Chani ama Paul não porque ele é O Escolhido, o Kwisatz Haderach, que supostamente vai liberar o povo dela da opressão imperial. Chani o ama porque o admira como guerreiro, como parceiro de batalha, como alguém que abdicou das regalias do trono para juntar-se a ela na jihad. Em um dado momento, Chani diz que para Paul mantê-la, é só continuar sendo quem é. Ela e os Fremen mais novos, inclusive, não acreditam na profecia e não esperam que alguém de fora vá salvá-los. Quem acredita nessa particularidade são os mais antigos moradores de Arrakis, como Stilgar (Javier Bardem), que está disposto a dar sua vida para a concretização da profecia.
Por mais que Duna seja sobre política, religião, controle, aristocracia, feudos, guerras e evolução humana, e todas essas propriedades existem no filme, Villeneuve parece pouco interessado em todas esses elementos, tanto que às vezes há a sensação de que eles estão apenas dispostas na tela, e não articuladas.
O diretor se interessa mesmo pela figura messiânica de Paul e suas ascensão. A forma como filma Timothée Chalamet e Rebecca Ferguson parece sempre mais inspirada e devota. A mãe Jessica se torna visualmente outra pessoa, mais sábia, influente e imponente para acompanhar sua mudança de status dentro da nova configuração do povo de Duna, enquanto aderimos a transformação de Atreides em Muad’Dib, o trabalho de campo para espalhar a profecia, a sua concretização e a materialização do mito. Todos que são tocados por essas ideias no filme ganham vida. Stilgar emocionado a cada mínima ação de Paul, repetindo como um mantra de que é ele, ganha contornos cômicos inclusive.
E toda caracterização dos Fremen é um dos pontos altos do filme. Bebendo da fonte do islã e com várias referências árabes, das vestes ao vocabulário, essa busca pela simbologia do deserto e a ambientação conferem um aspecto místico que é potencializado pela supracitada grande equipe que acompanha Villeneuve.

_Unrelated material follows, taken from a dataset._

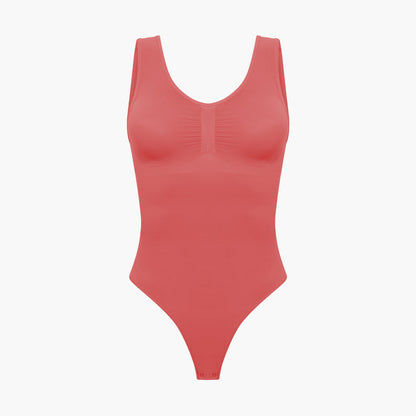 Tank Bodysuit Sculpting Shapewear with String - Secret Sale (#2)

O trabalho de Greig Fraser, o fotógrafo, e Hans Zimmer, o músico, por vezes preenchem lacunas que a abordagem cínica de Villeneuve deixa.
Por mais que alguns momentos do filme sejam “muita mídia e pouco futebol”, o saldo de Duna: Parte Dois é positivo quando Denis Villeneuve se direciona para o caminho que lhe parece mais palatável: da criação imagética de um messias; Paul como ícone da revolução e a semente do vindouro império. Aliado a uma equipe técnica com grande capacidade de proposição estética e que entende bem o formato IMAX, Villeneuve aposta na capacidade de todos ao seu redor para construir uma experiência sensorial de grande escopo que invariavelmente se tornará um marco na cultura pop.